Great article! I enjoyed reading it and felt the emotion in your well chosen words. Unfortunately every day there are situations that require us to be the bigger person and do what needs to be done for the patient, regardless of the things not done or addressed by fellow nurses and doctors. Thank God there are nurses like you that take being a patient advocate seriously. Not only did you do everything within your power to help the patient, you were mature about the dysfunctional dynamics created by the hospitalist. You were the bigger person, you cared. Thank you for sharing this experience!

RN2B123: The pt had not coded, he still was breathing and had a pulse, therefore a Code Blue would not have been appropriate. Rapid Response was the proper call. The lack of follow-through with critical labs shows in this case, and I have to ask, Why?? Is it that we are so busy with the tasks needed that we get overwhelmed and perphaps do not pay attention to the current lab values? The heart will not work in an acidic environment, and it was most likely the fact that the ph level was not corrected for 3 days that led to this pts demise. Great catch and great article. I bet all of us will be paying much more attention to those lab values after this!! Sometimes I think because our plates are so full we just do not stop long enough to pay attention to the whole picture the pt is presenting and then sometimes something gets lost and we forget to follow through. Jacquie stated that a few changes had occurred at her facility based on this case, so sometimes it takes something this drastic for change to occur. Good exercise!!

Specializes in Rehab, Ortho, Telemetry.

EXCELLENT article; I would love to put it in the newsletter that I do for my telemetry unit (with proper credit to the author and a link to your website). Would that be okay with you?

Specializes in Critical Care, ER and Administration.

A Rapid response is really more of a consult among nurses. It will get you critical care or just an assessment quickly. If you feel your patients life is in danger, call a Code Blue. You may get an upset ER doc but so what. You have the help you need to save your patient.

Specializes in Critical Care, ER and Administration.

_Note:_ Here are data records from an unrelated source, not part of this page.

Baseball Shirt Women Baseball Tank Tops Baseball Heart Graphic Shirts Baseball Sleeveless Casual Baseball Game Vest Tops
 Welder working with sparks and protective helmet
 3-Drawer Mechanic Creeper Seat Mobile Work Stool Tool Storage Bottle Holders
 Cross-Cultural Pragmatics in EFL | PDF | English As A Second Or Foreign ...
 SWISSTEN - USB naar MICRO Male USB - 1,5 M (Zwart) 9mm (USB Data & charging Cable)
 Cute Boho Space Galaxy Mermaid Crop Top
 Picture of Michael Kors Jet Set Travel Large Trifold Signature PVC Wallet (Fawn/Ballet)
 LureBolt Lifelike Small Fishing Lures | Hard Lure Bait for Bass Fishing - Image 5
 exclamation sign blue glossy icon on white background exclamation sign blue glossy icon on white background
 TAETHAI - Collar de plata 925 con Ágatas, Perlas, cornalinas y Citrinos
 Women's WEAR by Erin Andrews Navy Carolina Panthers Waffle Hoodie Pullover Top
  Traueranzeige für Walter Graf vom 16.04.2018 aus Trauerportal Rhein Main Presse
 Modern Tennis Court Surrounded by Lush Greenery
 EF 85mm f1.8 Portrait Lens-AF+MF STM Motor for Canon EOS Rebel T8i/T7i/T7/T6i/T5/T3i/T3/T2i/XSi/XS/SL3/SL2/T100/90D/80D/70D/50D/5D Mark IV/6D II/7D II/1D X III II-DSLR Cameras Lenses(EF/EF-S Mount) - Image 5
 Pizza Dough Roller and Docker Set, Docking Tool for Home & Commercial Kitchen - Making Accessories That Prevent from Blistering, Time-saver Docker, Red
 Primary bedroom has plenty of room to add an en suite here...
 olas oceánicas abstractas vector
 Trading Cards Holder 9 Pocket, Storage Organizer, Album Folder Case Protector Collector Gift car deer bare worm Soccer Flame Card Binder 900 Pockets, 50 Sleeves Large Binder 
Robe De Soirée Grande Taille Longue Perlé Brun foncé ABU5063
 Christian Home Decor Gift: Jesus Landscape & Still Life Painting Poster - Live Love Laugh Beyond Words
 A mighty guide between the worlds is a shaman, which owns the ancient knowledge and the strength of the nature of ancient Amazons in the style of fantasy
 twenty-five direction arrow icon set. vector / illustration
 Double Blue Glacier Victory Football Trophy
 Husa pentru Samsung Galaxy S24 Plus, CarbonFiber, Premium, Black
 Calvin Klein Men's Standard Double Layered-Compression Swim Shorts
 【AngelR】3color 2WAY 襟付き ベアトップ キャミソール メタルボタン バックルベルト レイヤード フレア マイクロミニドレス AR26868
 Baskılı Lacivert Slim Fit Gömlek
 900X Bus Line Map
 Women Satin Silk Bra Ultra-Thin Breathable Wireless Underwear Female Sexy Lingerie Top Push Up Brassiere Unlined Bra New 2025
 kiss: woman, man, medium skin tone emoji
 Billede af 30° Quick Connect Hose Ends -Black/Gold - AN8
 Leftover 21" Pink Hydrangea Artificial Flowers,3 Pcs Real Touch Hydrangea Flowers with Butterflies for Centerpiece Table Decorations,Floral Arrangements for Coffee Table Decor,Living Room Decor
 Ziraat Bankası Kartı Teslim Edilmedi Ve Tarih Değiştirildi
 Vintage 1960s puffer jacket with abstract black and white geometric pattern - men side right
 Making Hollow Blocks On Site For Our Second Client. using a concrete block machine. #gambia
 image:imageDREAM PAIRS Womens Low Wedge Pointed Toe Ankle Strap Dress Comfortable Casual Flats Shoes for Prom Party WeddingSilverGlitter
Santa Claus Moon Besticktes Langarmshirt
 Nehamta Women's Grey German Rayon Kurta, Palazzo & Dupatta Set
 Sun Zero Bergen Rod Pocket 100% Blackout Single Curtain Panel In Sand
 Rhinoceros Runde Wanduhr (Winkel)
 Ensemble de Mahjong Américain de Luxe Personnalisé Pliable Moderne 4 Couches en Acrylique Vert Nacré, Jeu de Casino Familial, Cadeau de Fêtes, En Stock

This is every RNs worst nightmare. I think you handled it very well. I do have one question. Why wait on the Code Blue? Your concern was a rapidly deteriorating patient that you feared was near death. You don't need to wait until your patient is apenic or puleless to call a code blue. The whole idea is to keep that from happening. I'm on our hospitals RRT Team as the Nursing Supervisor. We preach this to our nurses and staff. The worst that can happen is that you get a grumpy ERP. So what. Your patient is alive. If the physician is too grumpy that is what your supervisor is for. They should have your back.

Specializes in Med/Surg, Onc., Palliative/Hospice, CPU.

Hey all! Thanks for the posts above. I see that the biggest discussion is about a code blue versus not calling one. I can tell you that things could have moved MUCH faster if I had pushed the button (that is for sure). I actually will touch base with my rapid response team and ask them what they think would be a good choice. You never know.